Anh Meyer could write.
She wrote with a singular, authentic voice that was unlike anything else I’d read before. It was still juvenile in places, heck, she was sixteen, but there were sustained stretches of prose that brought me to tears against my will. I wanted to hate every word, to be able to sit her down and gently let her know just how much work there was ahead of her to become even a competent writer, let alone a professional one. And that she could probably forget about dreams of world fame. Instead, I was left with the daunting realization that at sixteen, she was probably a better natural writer than I would ever be. God, I hated her for that. Almost as much as I hated my father. I knew how to drag a struggling student up to scratch, how to pick out what they did well and give them plenty of time to find their way to basic mediocrity. And I knew how to take a middling student and show them some rungs they could climb. I even knew how to take a talented kid and work with them on the next steps in a craft in which they showed promise. Hey, that’s teaching, right? That’s the gig, and sometimes I even enjoyed it. What I didn’t know how to do was sit a Derby winner.
Anh Meyer was going to be a novelist. She’d said as much, and she had the chops to back it up. That, I had no idea what to do with. I sat there on my bench in the courtyard and read the last thing she’d write for me that year, her final draft of a story she’d authored dramatizing her own life’s story. It was her best work yet. What little guidance I’d been able to provide she’d immediately incorporated, and in some cases she ignored my suggestions and her story was better for that, too. She took me through the death of each of her four grandparents in the war, through her mother’s life in the sex trade, to her abandonment in Hanoi. It was scintillating. I was suffused by envy, ugly and shameful, envy of my student, envy of this girl who had gone from the orphanage to this kind of expressive brilliance in less time than it took me to fill a legal pad with garbage. My hand shook a little as I held her pages. I wished I still smoked so I could light it on fire. I stood with a sigh, turning toward the ashtray that was no longer there to dispose of the cigarette that was not in my hand.

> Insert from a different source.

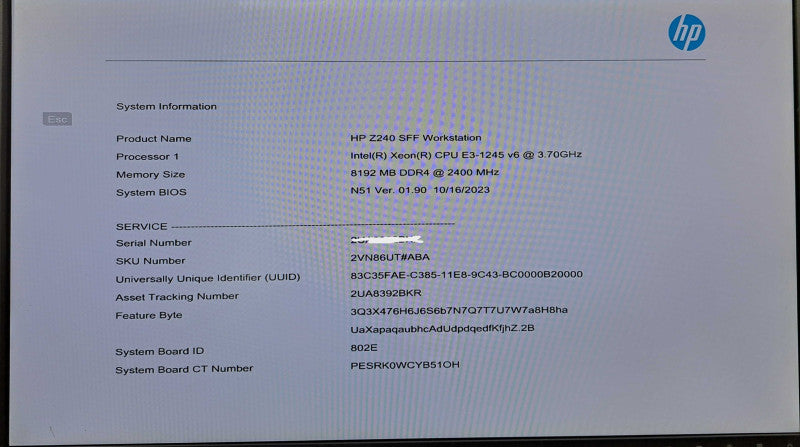 HP Z240 SFF Workstation | Xeon E3-1245 v6 @ 3.70GHz, 8GB DDR4, 256GB NVMe Q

No one had stopped to talk to me during my time on the steps that morning, which was unusual. Three or four times a day I would assume my perch in front of Casper Hall, almost always joined at some point by a colleague or a student. In the old days, I would share a smoke with them. The faculty, not the students. At least, usually not. For ten years I had been sitting on those steps. I was still in my early forties, but I had achieved the distinction of becoming an institution without getting old. I kind of liked that. I enjoyed dispensing advice in the courtyard like some mountaintop Eastern guru; I even liked when students came to complain about exams or grades or some other grievance. Our previous Head of School at Arcadia, an elbow-patch academic throwback improbably named Cabot Rutledge had once groused that Oscar Kendall could be mistaken for a gargoyle on those steps, and if he wanted statuary in front of Casper Hall, he would commission it himself, and he would select something far more impressive. I outlasted that Head. I had outlasted three. With one singular exception, Heads of School were ephemera.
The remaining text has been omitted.